|
Indexing parser plug-ins
Introduction
If FindinSite-CD does not support a file type then you can write a plug-in in Java to index it.
Plug-ins can only be added to the Findex
Java indexer, and cannot be added to FindinSite-CD-Wizard.
You must also make sure that your users will be able to view files of your new file type,
ie they must have a suitable viewer available or provided on CD.
Java programmer information: A plug-in must implement the
fisParser interface.
The main function parse must parse an InputStream
and return any found information using its caller's
ParseHandler interface.
Any number of plug-ins can be added into Findex by adding
ParserN properties
to the index instructions file.
Additional plug-in specific properties can also be added to this file.

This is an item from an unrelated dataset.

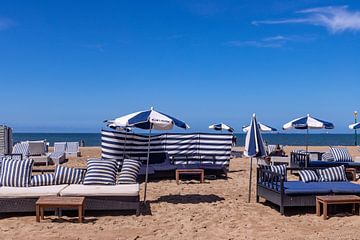 Blue and white in Scheveningen by george vogelaar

FindinSite-CD comes with an example plug-in, phdccRDF for indexing RDF/XML files.
This plug-in is slightly unusual because RDF files only contain meta-data
information about other files. However the techniques shown in the source
are exactly the same as would be used by a normal parser.
Using a plug-in
To use a plug-in, you must:
- tell Findex about it in the index instructions file
- add the plug-in runtime (.jar file) to the CLASSPATH when running Findex
Findex ParseN properties
To tell Findex to use a plug-in, add a
ParserN property
to the index instructions file. Any number of parsers can be added;
the first must be called Parser1,
the second Parser2, etc.
The value for each ParserN property must contain these fields,
separated by semi-colons:
| Field |
Example |
| File Type Short Name |
RDF |
| Default file-spec (comma-separated) |
*.rdf,*.xml |
| fisParser implementing class |
com.phdcc.findex.rdf.ParseRDF |
| AddPage |
false |
| TranslateEscapeSequences |
false |
For each ParserN property you can also specify additional properties
as follows:
| Property |
Example |
Description |
Type |
| ParseName |
ParseRDF=true |
Whether indexing is enabled |
Boolean |
| Name_Files |
RDF_Files=*.rdf |
Actual file-spec desired |
Comma-separated file-specs |
You can also add your own custom properties.
Provide a semi-colon separated list of these in a
ParserNparams property. For each parameter you can set
a default value after a colon. The actual property value can be any string
value (though there is special support for retrieving boolean values).
This is an example set of properties added to a Findex index instructions file.
Two additional parameters are supported; the actual properties override the
null and false default values.
parser1=XYZ;*.rdf;com.phdcc.findex.xyz.ParseXYZ;true;false
parser1params=XYZ_Passwords;XYZ_ReportErrors:false
ParseXYZ=yes
XYZ_Files=*.xyz
XYZ_Passwords=secret,shhhh
XYZ_ReportErrors=true
Plug-in runtimes
You need to add each plug-in runtime to the Java CLASSPATH.
You can do this at runtime by adding the plug-in .jar file
to the java command CLASSPATH, eg to add the phdccRDF
runtime, add phdccRDF.jar to the -cp CLASSPATH
(after a semi-colon). Note that you may need to use a full path
to the .jar file.
java -cp Findex.jar;phdccRDF.jar com.phdcc.findex.Findex @index.properties
Programming a Plug-in
You need to be a competant Java programmer to write a Findex file indexer plug-in.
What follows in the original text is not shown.